The Citizens' Convention on Mining drew more than 100 online participants, offering a platform for discussions on harnessing the potential of East Africa's mineral wealth for sustainable regional development. The implicit objective of the Convention was to facilitate local activism and provide a platform for impacted communities to take meaningful action and contribute towards building a shared vision of a more inclusive, responsible, and sustainable extractives sector. Accordingly, the Mining Convention attracted policymakers, industry experts, private sector players, regulators, civil society, and community representatives across the East and Southern African regions who deliberated on the theme "Transforming East Africa's Mining sector for inclusive and sustainable Mineral wealth exploitation." 

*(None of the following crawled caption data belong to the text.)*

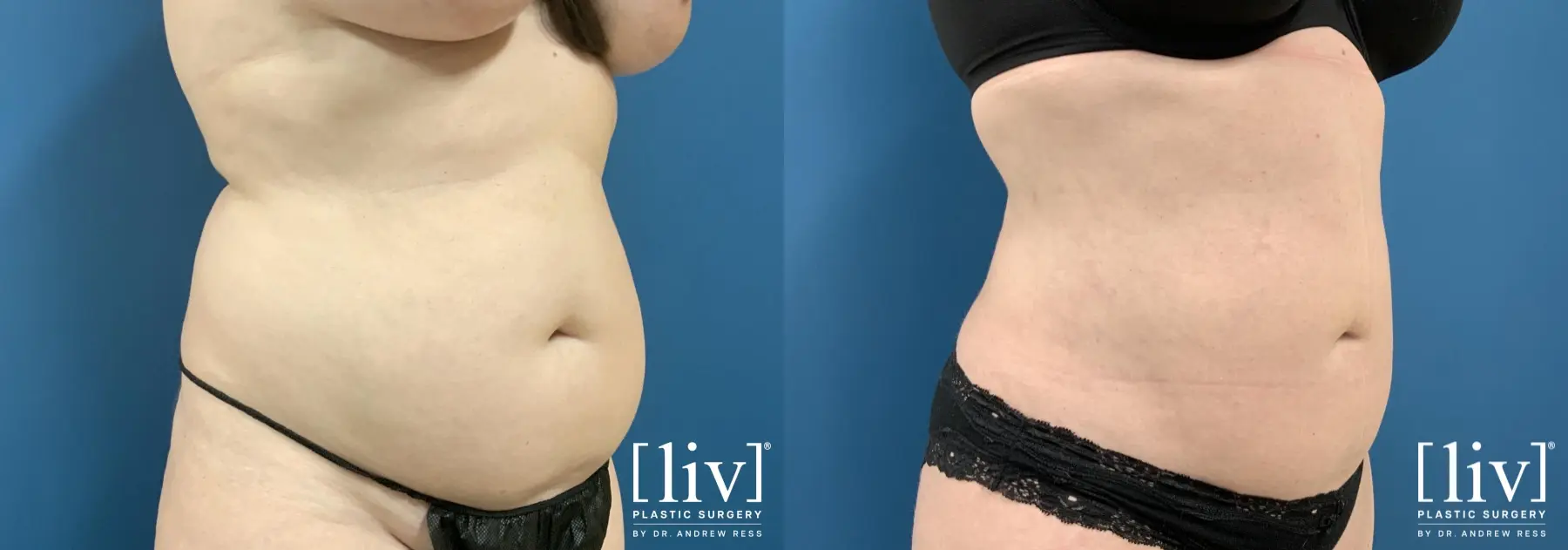 Liposuction: Patient 30 - Before and After 2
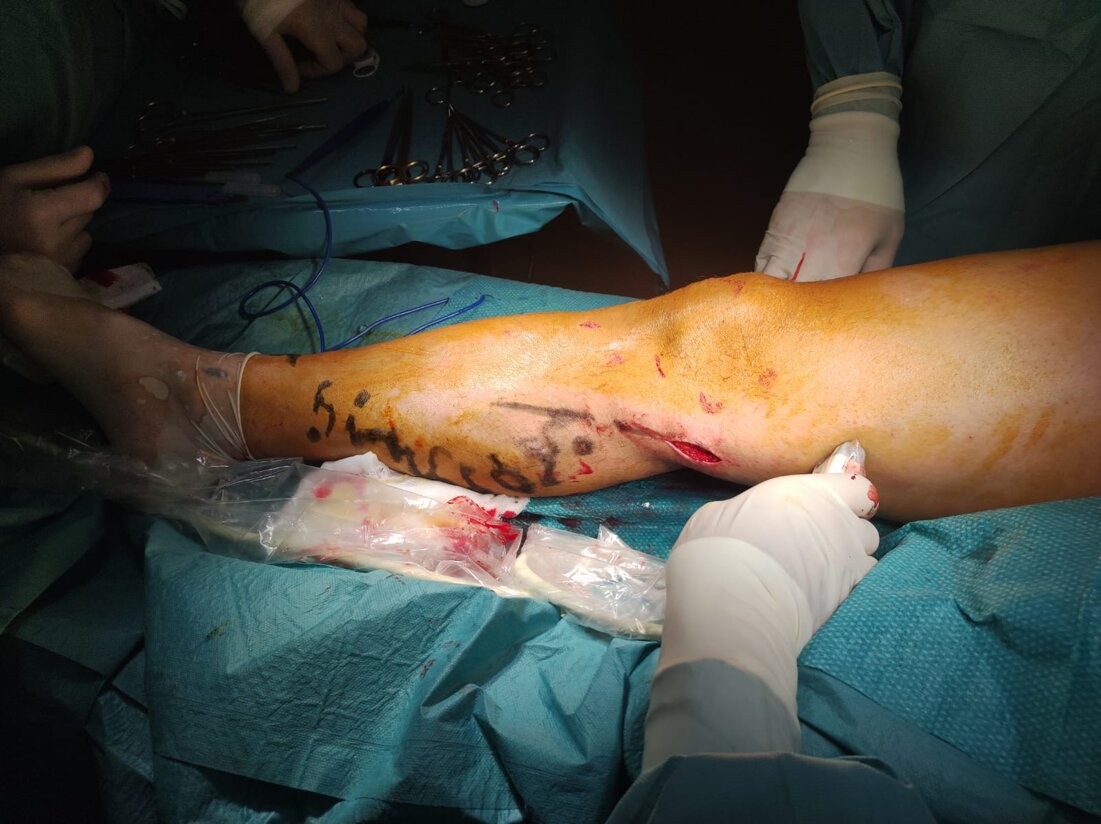 whatsapp image 2025-11-21 at 17.32.45.jpeg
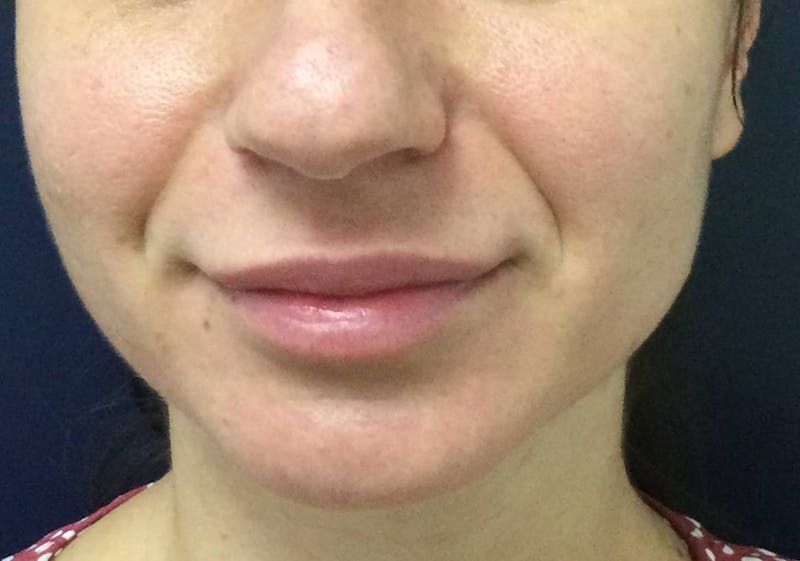 Restylane® Before & After Gallery - Patient 117927613 - Image 1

The Convention began with big-picture discussions on priorities and strategies to support the domestication of the Africa Mining Vision- to foster transparent, equitable, and optimal exploitation of Africa's mineral resources to spur wide-ranging sustainable growth and socio-economic development on the African continent. 

Talking points explicitly focused on identifying action and investment opportunities that can help accelerate progress towards the Africa Mining Vision. Participants stress the importance of transparency, political leadership, and a willingness to prioritize adopting or enacting supportive regulatory and administrative frameworks, instituting budgetary mechanisms necessary to bring the Africa Mining Vision from paper to practice.

The deliberations mainly shined a spotlight on the need to roll out a legislated level playing field that can be enforced by national, regional, and international regulators. 

Discussions further highlighted the importance of domesticating the global frameworks, standards, and principles to reflect East African regional values and creating detailed road maps to achieve them. Here, participants revealed that there is much to be done to develop specific implementation measures that resonate more strongly with local realities and accommodate different enforcement approaches. 

Participants were equally unequivocal in their support for domesticating the Extractives Industry Transparency Initiative (EITI). They hailed the EITI as a catalyst for our natural resources extractive industries' long-term sustainable and equitable management. The EITI provides a solid, robust framework for countries to promote the open and accountable management of oil, gas, and mineral resources through a multi-stakeholder approach and global standards. Participants pointed out the need for sustained political will to strengthen tax collection, improve local participation in the industry, build shared value among sector stakeholders, and enforce environmental and social safeguards. 

Deliberations at the Convention prompted thoughts and reflections on our work and individual and collective impact over the years. Stakeholders agreed that achieving our longer-term ambitions requires more significant collective action and collaboration. The sector at large must align all stakeholders, policy, and investment decisions with the needs of the extractive landscape. Participants advocated for creating multi-stakeholder partnerships as essential to transforming the ecosystem as there is the potential for synergy and overlap. However, the necessary leadership and resources to support activities ranging from awareness and capacity building on human rights and equity within the extractives sector to collective action to strengthen monitoring and downward accountability, including advocacy, communications, and collaboration, are needed. They conceded that some investments would need to be funded and led by the private sector, others by the government, while other activities would require the involvement of civil society and communities. 

GRA builds upon previous conventions and carries forward ideas and solutions generated in this 5th Convention via the planning, the design, and the implementation of our program interventions. For example, the GRA Team is presently leading follow-on social mobilization activities to foster community participation in implementing, monitoring, and evaluating the EITI process. As a result, we hope to create a much more robust civil society voice and make EITI implementation and monitoring smoother.